Japanese manga series and its adaptations

Wind Breaker (stylized in all caps) is a Japanese manga series written and illustrated by Satoru Nii that began serialization on Kodansha's Magazine Pocket manga website in January 2021. As of September 2026, the series' individual chapters have been collected in 27 tankōbon volumes. An anime television series adaptation produced by CloverWorks aired from April to June 2024. A second season aired from April to June 2025. A live-action film adaptation was released in Japan in December 2025.

==Plot==
From an early age, Haruka Sakura was an outcast due to his unconventional appearance and lack of social skills. However, the harsh treatments he received made him a skilled fighter, which is now the only thing he prides himself on. After enrolling at Furin High School, where it is rumored that strength is valued over academics, Sakura has only one goal—to become the best.

After being involved in a street brawl the day before his enrollment, Sakura meets a group of his future classmates. Instead of rejecting him, his classmates fight alongside him, showing that the school's real concern is protecting the town of Makochi from harm—hence why the students call themselves Bofurin. Surprised by the support and appreciation of the townspeople, Sakura has a hard time accepting their goodwill. Though he is unfamiliar with others showing him kindness, he must learn to overcome his discomfort when Bofurin is pitted against formidable enemies. After experiencing the feeling of acceptance, he finds himself fighting for the sake of others for the first time.

==Characters==
- Haruka Sakura (桜 遥, Sakura Haruka)

A first-year transfer student at Furin High School who enrolled there in order to reach the top. Sakura is a lonesome fighter who has heterochromia in his hair and eyes which, along with his lack of social skills, caused him to be ostracized. Despite his stubbornness, he is a tsundere, has a sense of justice, and is sensitive towards romance. It is implied that Sakura refuses friendship because of his past, as his strength caused other people to hate him.
- Akihiko Nirei (楡井 秋彦, Nirei Akihiko)

A first-year student at Furin High School who becomes Sakura's best friend and right-hand man alongside Suō. Nirei always carries a notebook and pen and is knowledgeable about delinquents from other schools. He is not very strong at fighting, but after Sakura saved his life, Nirei vows to help him reach the top.
- Hayato Suō (蘇枋 隼飛, Suō Hayato)

A first-year student at Furin High School who becomes Sakura's best friend and right-hand man alongside Nirei. Suō is a mysterious teenager who wears an eyepatch, has a calm fighting style similar to Aikido, and a teasing sense of humor.
- Kyōtarō Sugishita (杉下 京太郎, Sugishita Kyōtarō)
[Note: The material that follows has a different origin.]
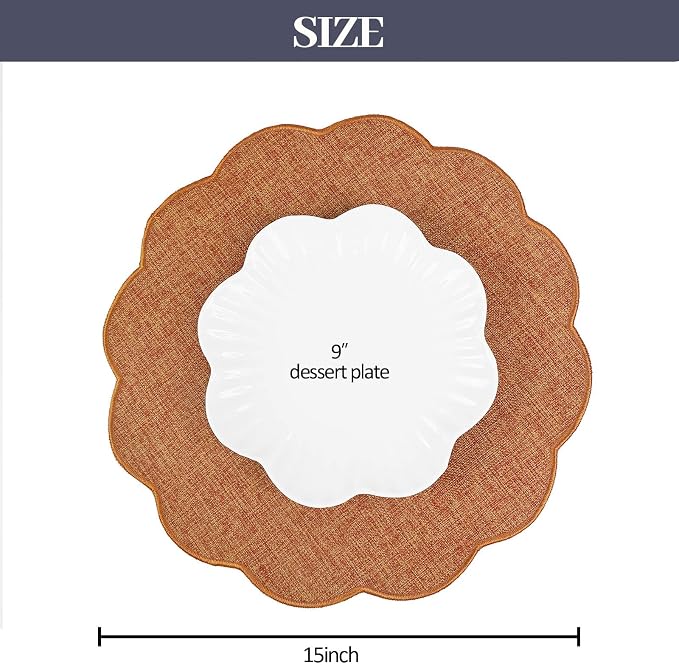 AHHFSMEI Round Faux Linen Placemats Set of 4 Heat Resistant Non-Slip Stain - Image 2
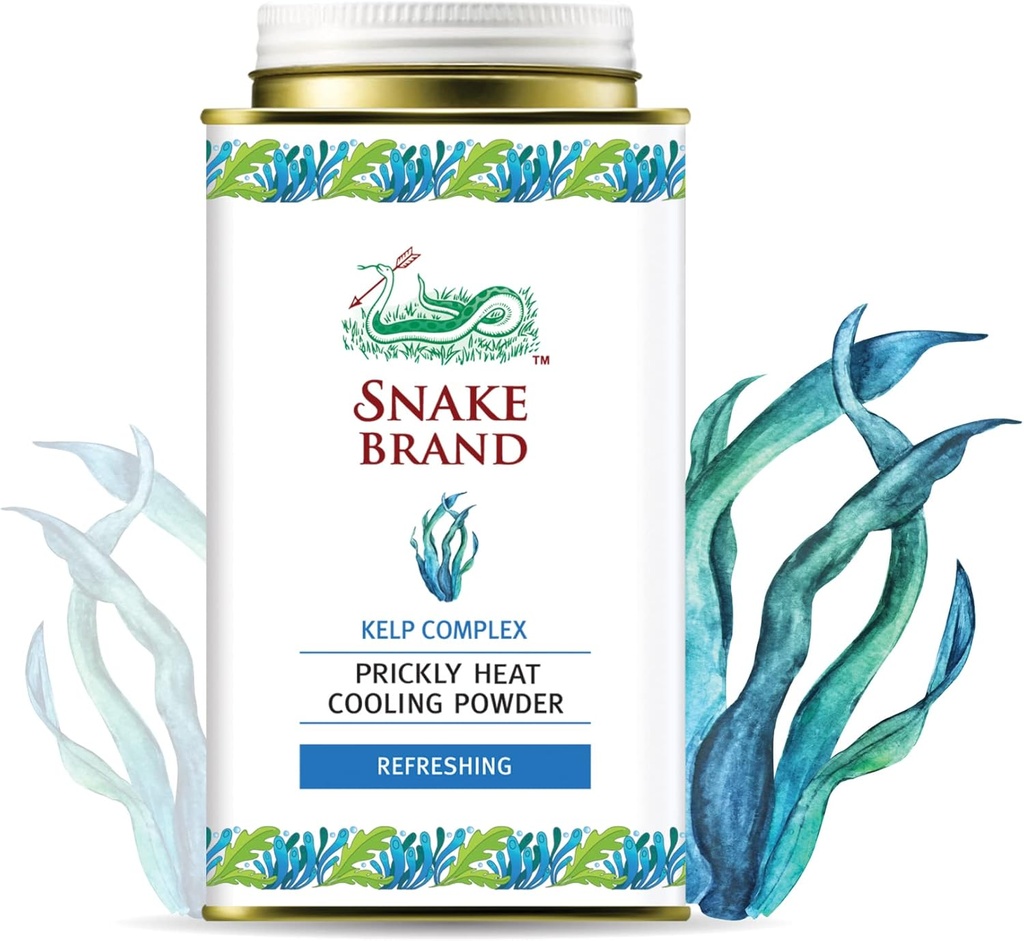 Snake Marca Prickly Heat Cooling Powder para uso diario - Anti-Chafing, Heat Rash Relief, Ocean Fresh Kelp Scent (4.9 Oz / 140g)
A first-year student at Furin High School in Class 1 and Umemiya's loyal and devoted fanatic. Sugishita does not talk much but is considered one of the strongest fighters in Bofurin. He is also Sakura's rival.
- Hajime Umemiya (梅宮 一, Umemiya Hajime)

A third-year student and the top representative of Furin High School. In spite of being the charismatic leader of Bofurin, Umemiya is cheerful and likes gardening, which makes Sakura question his status as the leader. He is also Kotoha's protective adoptive brother.
- Tōma Hiragi (柊 登馬, Hiiragi Tōma)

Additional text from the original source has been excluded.